Eu não ando tendo tempo de escrever no mundo virtual, de compartilhar minhas conquistas, minhas superações, mas também não gosto da ideia de aparecer por aqui apenas para contar decepções e frustrações. O fato é que assim como Exu, estou em movimento na vida real, e voltei a escrever em diários de papel. Eu passei no mestrado em literatura também. Nunca me imaginei fazendo mestrado.  Eu lancei um livro de poesias. E voltei a escrever desesperadamente em papéis. Ando fazendo muitas coisas que gostava de fazer quando era criança. Até na capoeira de angola eu comecei a ir e a aprender. Fiz novos amigos. Ando fazendo muitos novos amigos, encontrando pessoas que pensam parecido comigo, pessoas com as mesmas bandeiras. Lembro de quando eu pedia para o universo que colocassem pessoas assim perto de mim. Me dá mais entusiasmo de viver. É horrível se sentir um peixe fora d'água. Eu estou levemente empolgada, e também quero criar um projeto musical, um tributo para quatorze mulheres mortas. Sempre gostei dos mortos, e de luta, e não sei porque raios eu nunca ia de fato atrás disso. Fui uma única vez ao karatê e amei, por razões que desconheço me tiraram da aula e eu não sabia dizer que queria ficar, que gostava demais de lutar. Era uma criança que sentia muito e expressava pouco. Foi parecido com o episódio de quando minha mãe tentou me mudar de escola e me levou para passear em uma que parecia um castelo de bruxaria, eu vibrava por dentro e não consegui dizer que queria muito ficar lá. Por que raios eu não sabia falar o que eu queria e o que eu gostava? Por que raios eu não sabia gritar o que me deixava viva e alegre? Hoje tudo posso na coragem e no berro que agora ocupa minha garganta que nunca mais adoeceu. Tive tosse de cachorro mês passado, mas acho que foi culpa do clima tocantinense que sempre muda bruscamente de maio para junho. Junho para mim é o melhor mês. Será que esse ano eu vou ver o rio Araguaia em Julho? Acho que não. Amo demais esse rio, mas acho que esse ano não. Vou escrever um romance adolescente envolvendo ele. Vai ser um sucesso, já posso ver a capa na minha mente. 
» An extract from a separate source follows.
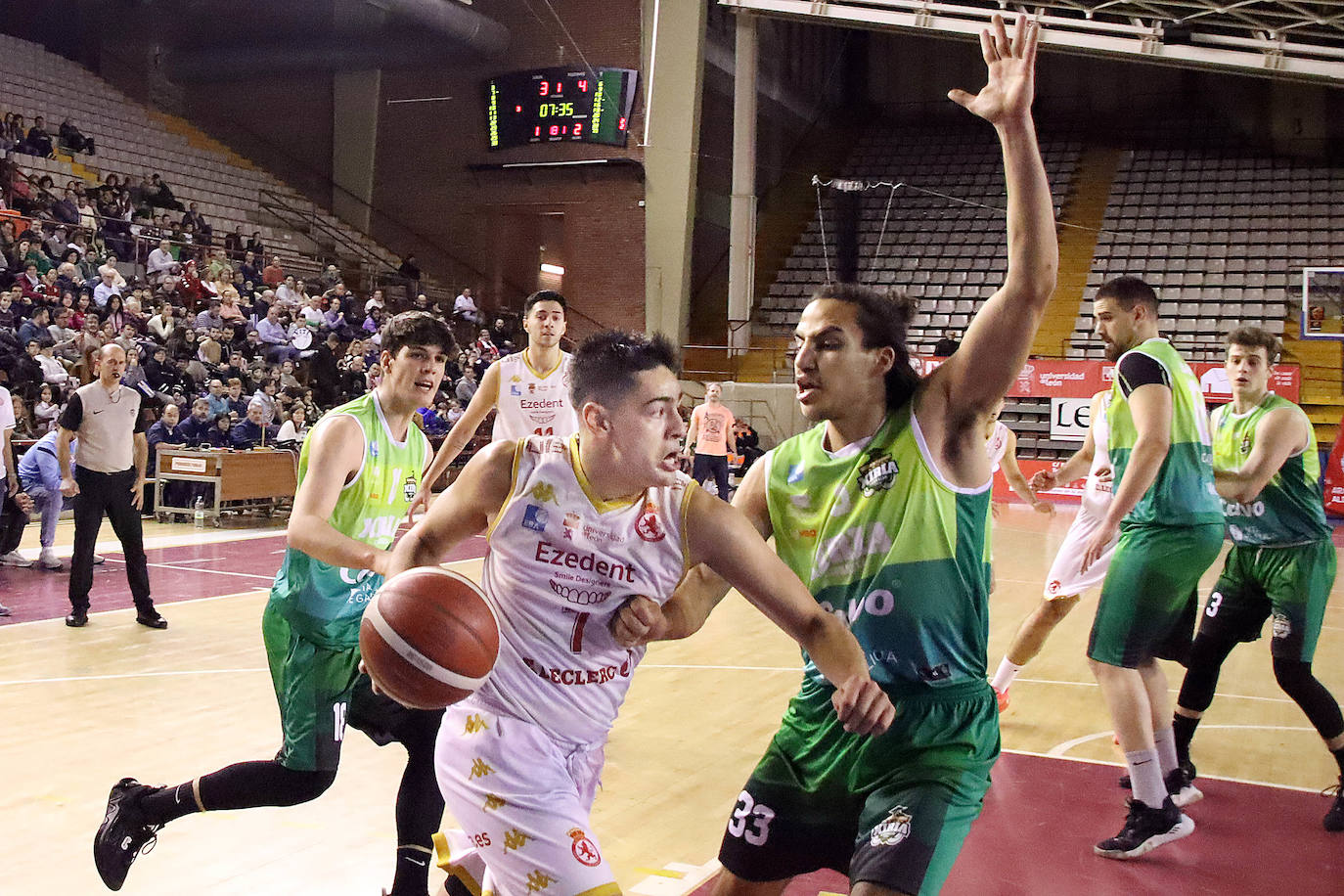 Partido correspondiente a la jornada 12 de la Liga EBA.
As vezes eu tenho a impressão de que se abriu um portal para mim desde o começo do ano. Um portal do desconhecido, um portal do qual eu sonhei a vida toda encontrar, um estarte que mudaria tudo. Ano passado eu achei que seria meu começo e foi por determinados meses, depois tudo desandou de novo. Mas o importante é que agora me encontrei de novo e dessa vez parece que é para todo sempre. Eu me encontrei dentro de mim de maneiras inexplicáveis. Descobri minha mediunidade, lancei meu segundo livro, me sinto mais bonita, mais sagaz, mais eu de verdade. E minhas feridas não doem como antes. Antes era tudo muito confuso, muito assombroso, muito tempestuoso, muito intenso e uma sentença de absurdos e de depressões me consumiam e me reanimavam, me comiam e chupavam meus ossos como se eu nunca mais fosse levantar das catacumbas... agora parece que tomei as rédeas e nunca desço de um cavalo que galopeia e as vezes dispara, galopeia e as vezes anda devagarinho, que galopeia confiante no cabresto que o guia.